The Fated Sky, by Mary Robinette Kowal

I'm a fan of hard SF where the writers do research in order to tell the story properly. So this really hit the mark for me, there's a lot of great history. Including the social history, where she works in elements of the civil rights movement and how much of an object of suspicion it was for the country. It's a really interesting juxtaposition, how we could achieve so much technically with those old concepts of who belonged in power. Being under tremendous pressure helps, some. Kowal alludes to, but could perhaps be more clear about, how the United States of 1960 would get there through exploitation. She has sympathy for protesters, but their motives (the handling of Meteor refugee resettlement adding to existing inequities) only get a partial exploration. I'm hoping this gets sharpened in the third book.

There's a lot to like. The action really keeps the book moving, and the evolving relationship between Stetson Parker and Elma York holds one's interest. I had a hard time putting it down. What really clanked for me was the ending, so I have to put it in a spoiler.

Throughout the book Kowal builds racial tension as the FBI tries to connect Black astronauts to the terrorist incident that leads off the book, and Mission Control feeds the suspicion through their assignment of Black and Female astronauts to menial duties. Then a major terrorist incident (that the FBI seems to have missed) disrupts the mission and Earth. The astronauts overcome the obstacles, land on Mars and...everything is fine. The terrorists lose sympathy at home, a Black astronaut is the first man on Mars, and colonization proceeds apace. Quite a lot is missing here. The turnaround basically happens offstage, before the epilogue.

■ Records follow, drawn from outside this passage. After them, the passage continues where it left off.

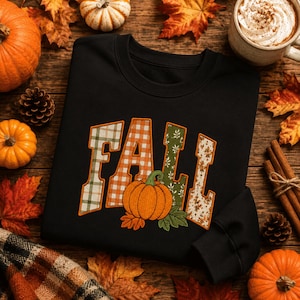 May include: A black long-sleeved sweatshirt featuring the word FALL in large block letters. Each letter has a unique pattern, including plaid, gingham, and floral prints. An embroidered orange pumpkin with green leaves sits below the text.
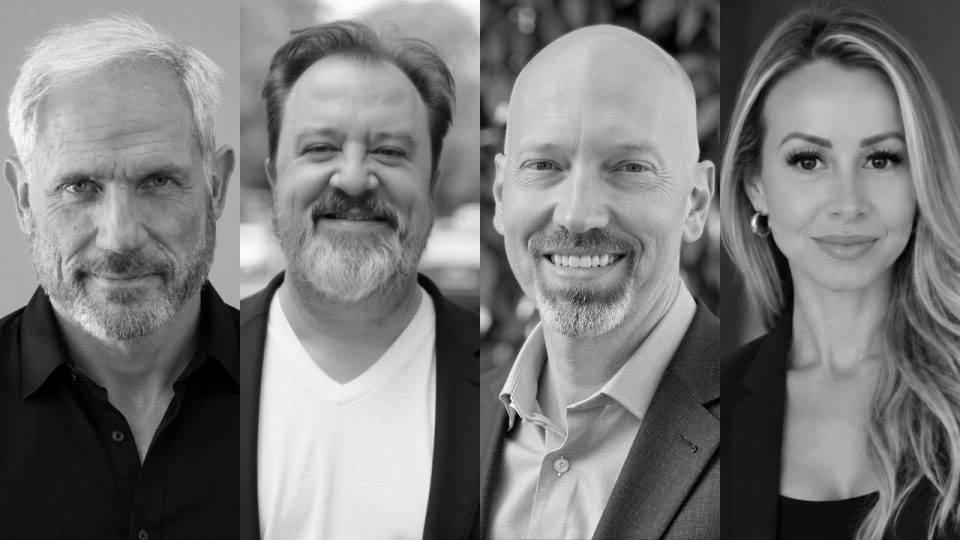 Four adults, three men and one woman, are shown in black and white portrait photos. They are all smiling and wearing business or smart casual attire, posed against neutral or blurred backgrounds. Frame from Stash Magazine article.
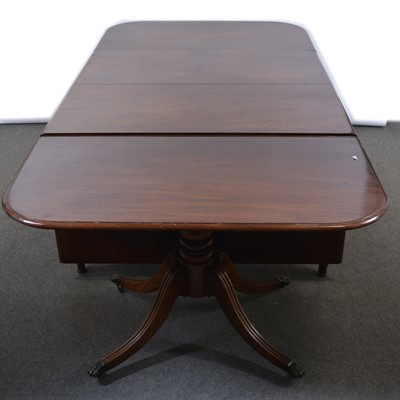 Lot 253 - Regency mahogany extending dining table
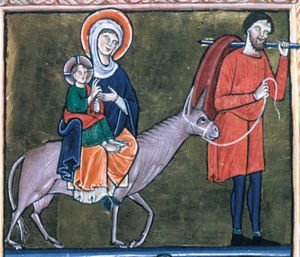 Joseph, carrying a stick with a cloth over it, leads the ass; Mary rides the ass, supporting with her covered right hand the Christ-child, while holding her left hand in front of her chest; the child stretches his right arm forward in blessing and holds a closed scroll in his left.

This has potential as a steampunk setting, just about 70 years later than classic steampunk. We are going to Mars with punch card computers. And we really could have done it--except for the colonization, we probably can't pull that off even now because we haven't figured out what to do about Moon and Mars dust--it's incredibly sharp and gets everywhere, the moon suits were leaking like sieves by the end of a mission of just a few days. I don't think that's the focus of the third book, but I'll look forward to reading it all the same.